It’s too bad I cannot continue employing such tactics as a clergyman. But I digress.
In short, my friends and I knew ourselves. We were honest about what was becoming a dreadful propensity. We were Christians, and we sensed foul language’s incompatibility with our faith (and, as Burke might suggest, its erosive effect on a moral society). With that, we warred against the tendency with a ceremony capable of maintaining the boundaries (Ephesians 4:29-30, 5:1-13). We did this before the propensity ruined us. Interestingly, the ceremony was unpleasant when used. It hurt. But it was worth it. I should say, it’s likely even Saint Paul would have approved. In 1 Corinthians 9:27, the verb for “discipline” (ὑπωπιάζω) means to strike something physically. Paul appears willing to use extreme techniques to keep his own body under control. Getting punched, perhaps by Timothy, wasn’t off the table.

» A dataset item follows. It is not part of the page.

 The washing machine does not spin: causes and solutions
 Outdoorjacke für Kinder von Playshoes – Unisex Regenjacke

During last week’s Bible study, I wondered out loud if any of this was relevant to worship style. Of course, my wondering was rhetorical. How could it not be? That’s one of the benefits of traditional worship’s maintaining of historic rites and ceremonies. In a way, they’re theological manners.
Tradition understands man’s propensities. It knows we want things to be our way (anthropocentrism). To restrain this more-often-soiled-than-not tendency, rites and ceremonies—spiritual etiquette—carry the worshipper along in ways designed to exchange anthropocentrism with Christocentrism. In other words, their purpose is to force man out from the center of his own universe and put Christ firmly in the middle.

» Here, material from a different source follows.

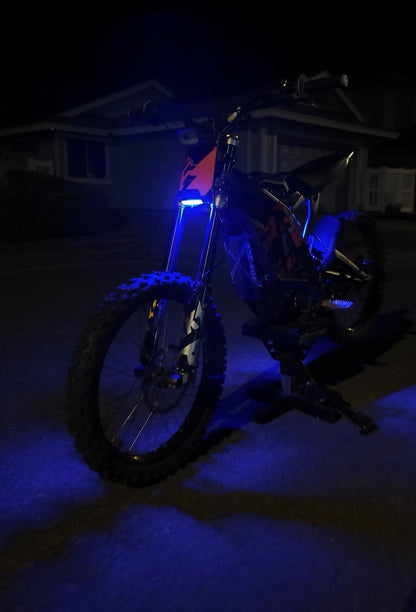 Front Underglow Kit- ERIDE PRO S/SS - Howling Moto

Understandably, rites and ceremonies are multifaceted, and like getting punched by three friends all at once, they can sometimes be uncomfortable. I get that. They’re strict means of exercise. But the most rigorous kinds of training often produce the best results. In this case, the singular goal of each word and motion is a heart fixed securely on Christ by faith and a new propensity—a Spirit-driven inclination—to imitate Him in the world around us (Ephesians 5:1).